I’d studied images of the brown B&M looping coaster for years, but they didn’t prepare me for seeing it in person. We bypassed the queue and instead took a left passing through the gift shop. On the other side, there was quite a dramatic reveal. As we stepped onto the observation area, there was Wildfire’s massive cobra roll and sea of rolling green terrain punctuated by a lake in the distance. I have to say it was quite an introduction, with up-close view of a beautiful man-made structure with an also beautiful natural terrain as a backdrop.
Wildfire was built in 2001. It’s a Bollinger & Mabillard looping coaster that seats riders four-across. It’s situated on a small footprint right on the side of a mountain. Unfortunately, I missed out on the ride’s theming. I had a Trailblazer pass so I entered the station from a side door. Shame on me for not checking out the queue more. From what I could see from inside the station, it looked cool with some kind of a large machine with liquid bubbling inside. Here’s a theming note from RCDB: “Based on an 1880’s Ozarks tale of Dr. Horatio Harris, an inventor who was working on a flying machine. “Wildfire” was the name of the fuel he created for this machine.”

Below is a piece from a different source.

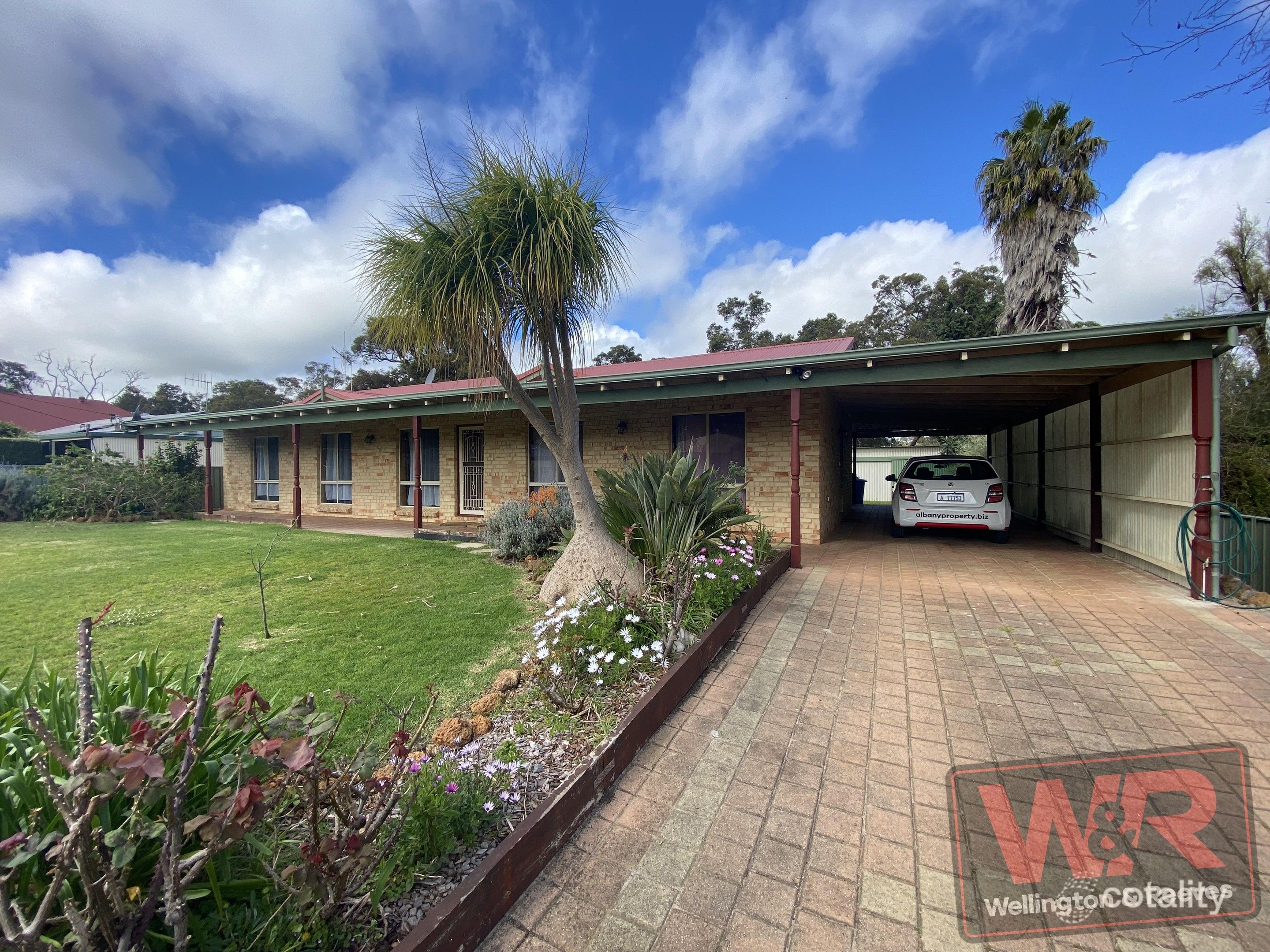 34 Williamson Ave, Narrikup, WA 6326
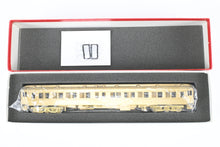 Load image into Gallery viewer, HO Brass Soho Various Roads Pullman 6 Compartment 3 Drawing Room No A/C WRONG BOX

I rode Wildfire twice in the front. Both times, I was paired with a family of three riders. Thankfully, they were nice and were cool with me joining them. Riders can expect the standard B&M looping coaster seats; which have the most comfortable restraints and seats around. Shortly after the train is dispatched it takes an immediate right-hand u-turn and then it meets the lift hill. The climb offers a great view of the aforementioned hilly terrain along with launch coaster Powder Keg to your right.
At the top, there’s a small pre-drop, where the train takes just a dip. Then there’s the first drop; an uncharacteristically (for B&M) straight drop of 155 feet. Wildfire returns to the sky with a smooth Immelmann loop. This is followed be a large vertical loop that pulls some stronger g-forces. Next, is the back-to-back inversions of the cobra roll near the observation area. On some rides, cobra rolls can get pretty rough, but they were a bit less so on Wildfire. It could’ve had something to do with my front seat rides. Wildfire finishes with a fun corkscrew and then heads right into the station brakes.
Wildfire’s a solid ride that’s sure to continue to be a crowd-pleaser for Silver Dollar City for years to come. It’s no Kraken or Hulk, but I’d put it on-par with other compact B&M loopers like Batman The Ride at Six Flags New England; with the added bonus of the great view and picturesque location. Images on the Web just don’t do the ride’s surroundings justice. Wildfire won’t blow you away if you’ve traveled quite a bit, but it’s definitely a fun ride.